## WHAT TO DO
Would it be possible to output exactly, and only, the lines below from the one holding "Yasuko Kuroi, 72, uses" to the last line, both included, with every picture left out?

## DATASET SECTION
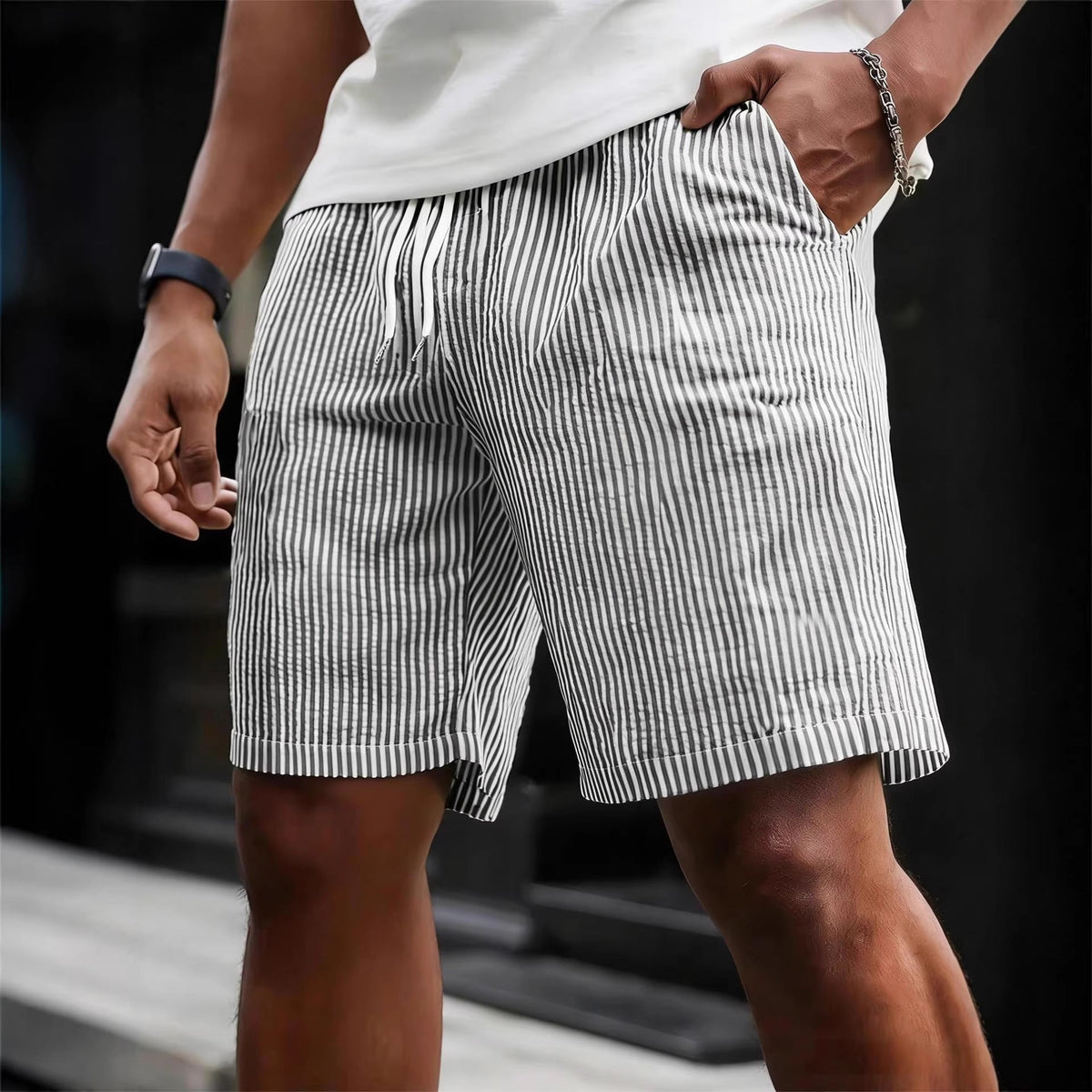 Close-up of the drawstring waist on men's striped shorts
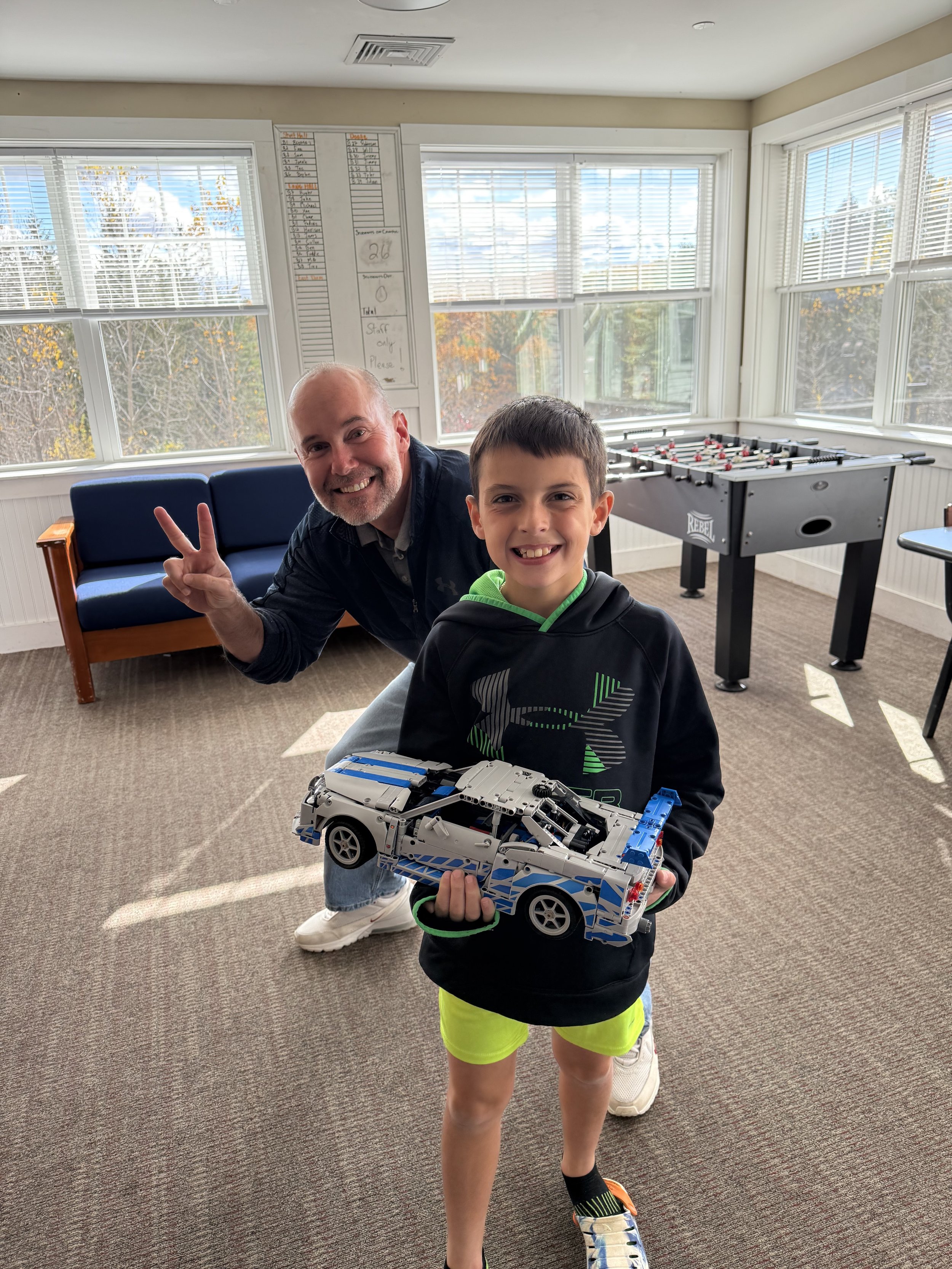 A smiling young boy in a black hoodie and bright green shorts holding a LEGO car model, standing in a sunlit room with windows and a foosball table. A man behind him is smiling and giving a peace sign.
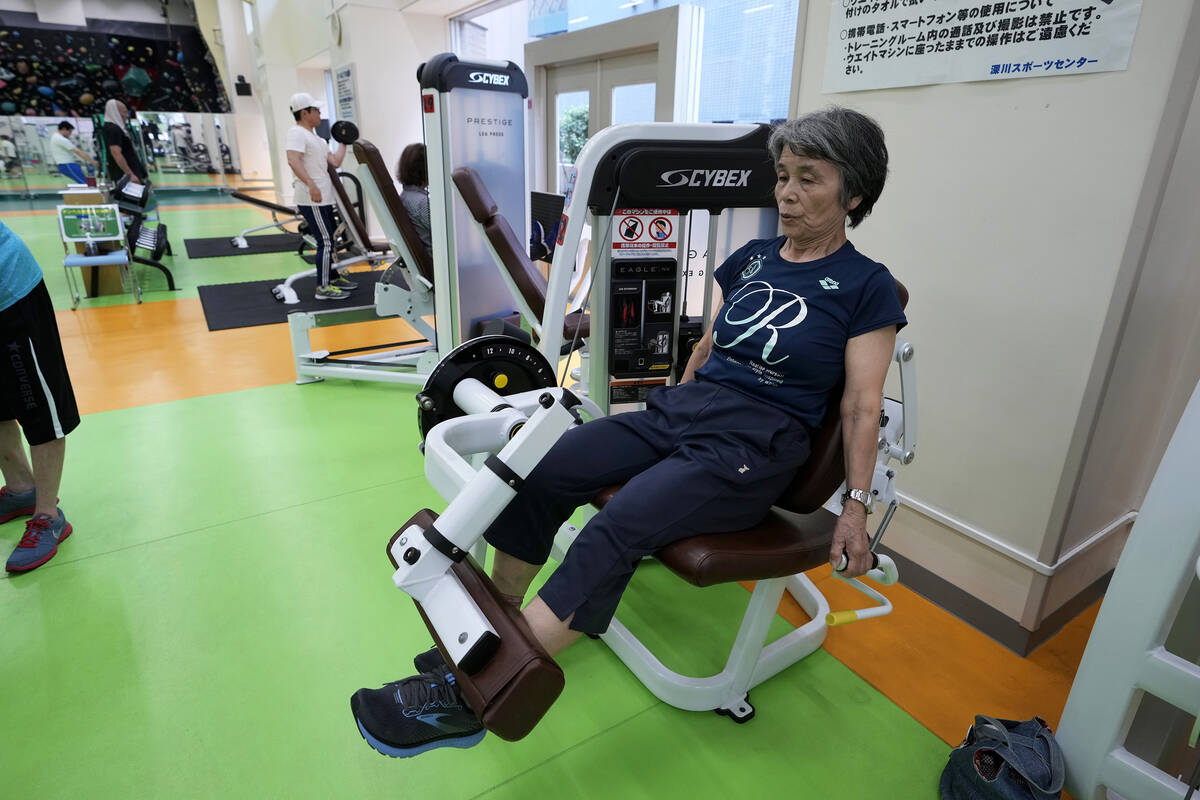 Yasuko Kuroi, 72, uses a leg extension machine as she works out at the Fukagawa Sports Center i ...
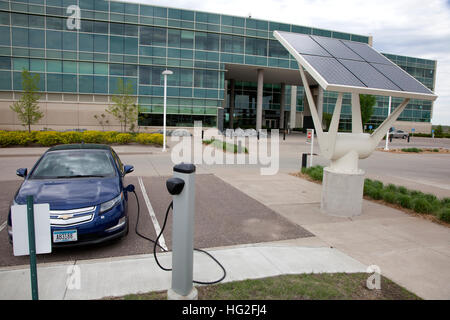 Electric battery operated Chevy volt being charged in Great River Energy headquarters parking lot. Maple Grove Minnesota MN USA Stock Photo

## EXERCISE OUTPUT
 Yasuko Kuroi, 72, uses a leg extension machine as she works out at the Fukagawa Sports Center i ...
 Electric battery operated Chevy volt being charged in Great River Energy headquarters parking lot. Maple Grove Minnesota MN USA Stock Photo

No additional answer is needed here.